The complex question has taken on new urgency because of the potential for terrorists and drug smugglers to filter into the country through the southern borders. Americans need to have an intelligent national discussion on immigration, and every coherent voice must be heard. However, the discussion is blocked in many quarters by the taboos of political correctness. Before we can work our way through to a national consensus on immigration, we must understand the taboos that are blocking the conversation.

Guilty history and political taboos

Recently, a remarkable op ed piece was written in my local paper about political correctness. The author was Andrew Oldenquist, professor emeritus in Philosophy for Ohio State University. Although I disagree with Dr. Oldenquist on many subjects, his comments on politically correctness were so wise and clear that they approached what rationalist philosopher Descartes called "intuitions of pure reason."


Oldenquist began by pointing out that Germans are the most politically correct people in the world. Traumatic memories about the Nazis have impelled the Germans to fashion a set of politically correct rules against any word or deed that is reminiscent of the something the Nazis said or did. German law allows unrestricted abortion on demand of babies that are healthy and normal. However, the abortion of a radically deformed baby is forbidden because the Nazis practiced euthanasia and disposed of deformed children. Germans are embarrassed by patriotism and nationalism because Hitler abused patriotism and nationalism.

We Americans are following suit. Just as Germans are frightened of doing anything the Nazis did, many Americans are frightened of doing anything that will open them to accusations of racism. Just as Germans are uneasy about their Nazi past, many American are uneasy about their racial segregationist past. Oldenquist described in several particulars how political correctness, impelled by a fear of charges of racism, has crippled efforts to think clearly about education and improve public schools in the inner city.

Bad dreams

America still is haunted with bad dreams from the long racial nightmare in our past. "O God, I could be bounded in a nut shell and count myself a king of infinite space were it not that I have bad dreams" (Shakespeare's Hamlet). There is still plenty of white guilt and black bitterness hovering in the ether to give us bad dreams and hinder conversations that impinge upon race. Meanwhile, the left has discovered that the accusation of racism can be a powerful substitute for reasoned argument.
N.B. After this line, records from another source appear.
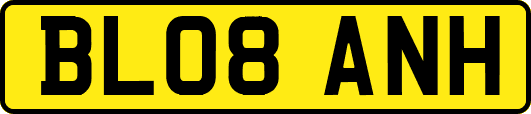 BL08ANH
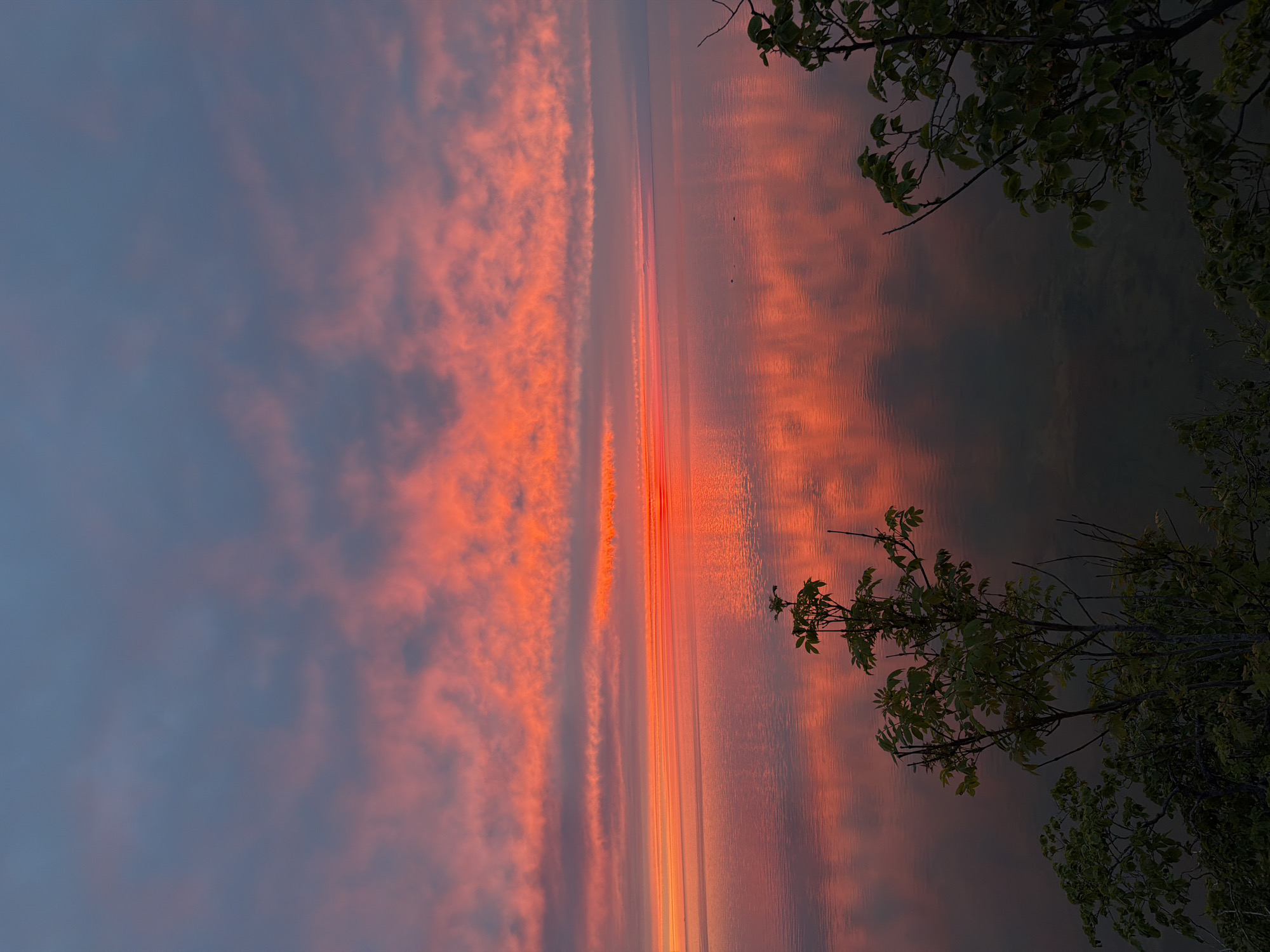 This image depicts a sunset over the Baltic Sea, viewed from the coast of Vääna-Jõesuu, Estonia. The sky is filled with dramatic clouds painted in vibrant shades of orange and pink, reflecting intensely on the calm surface of the water. The horizon line is sharp, with a band of bright orange light indicating the setting sun. In the foreground, silhouetted against the colorful sky and water, are dark green branches and leaves of trees, adding depth and framing the scene. There are no people or specific man-made structures visible, emphasizing the natural beauty of the coastal landscape.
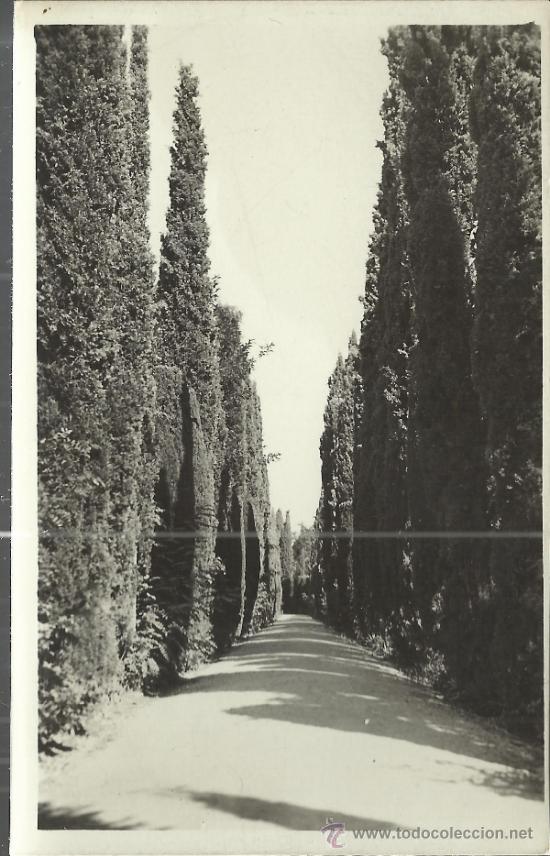 Postales: GRANADA ALHAMBRA  SIN ESCRIBIR - Foto 1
Several years ago, I wrote an essay on the problems of open borders. Not a single point I made was challenged, but four black men, all personal friends or acquaintances, accused me of racism. My rejoinder was that gratuitous insults are cheap, but responding to serious debate points with reasoned arguments requires mental effort and integrity.

But it was to no avail, of course. The accusation of racism had scuttled the conversation. None of my accusers would explain if they were in favor of open borders, and if so, why. They conveyed to me that for some inexplicable reason, I had violated a taboo for broaching the subject of immigration and being critical of open borders. How this amounted to racism was never explained, of course.

I recall the dark irrationality of this incident as a bad dream. However it furnished me with a textbook case of how political correctness closes down conversation. Our political leaders hate to talk about our open borders because they fear the accusation of racism. They are nervous and timid because they have bad dreams about the racial past of America.

The banana peel of political correctness


The race card is only one peel on the banana of political correctness. Other peels include feminism, the gay agenda, abortion, multi-culturalism, and hostility to the European cultural past. One might slip on any of these banana peels if he attempts to explore and communicate forbidden ideas. For example, Larry Summers, President of Harvard, slipped on the banana peel of feminism, and the columns of Harvard fell on him. He has broached the subject of gender in a manner that violated the taboos of political correctness, and the campus feminists went into an hysterical rampage.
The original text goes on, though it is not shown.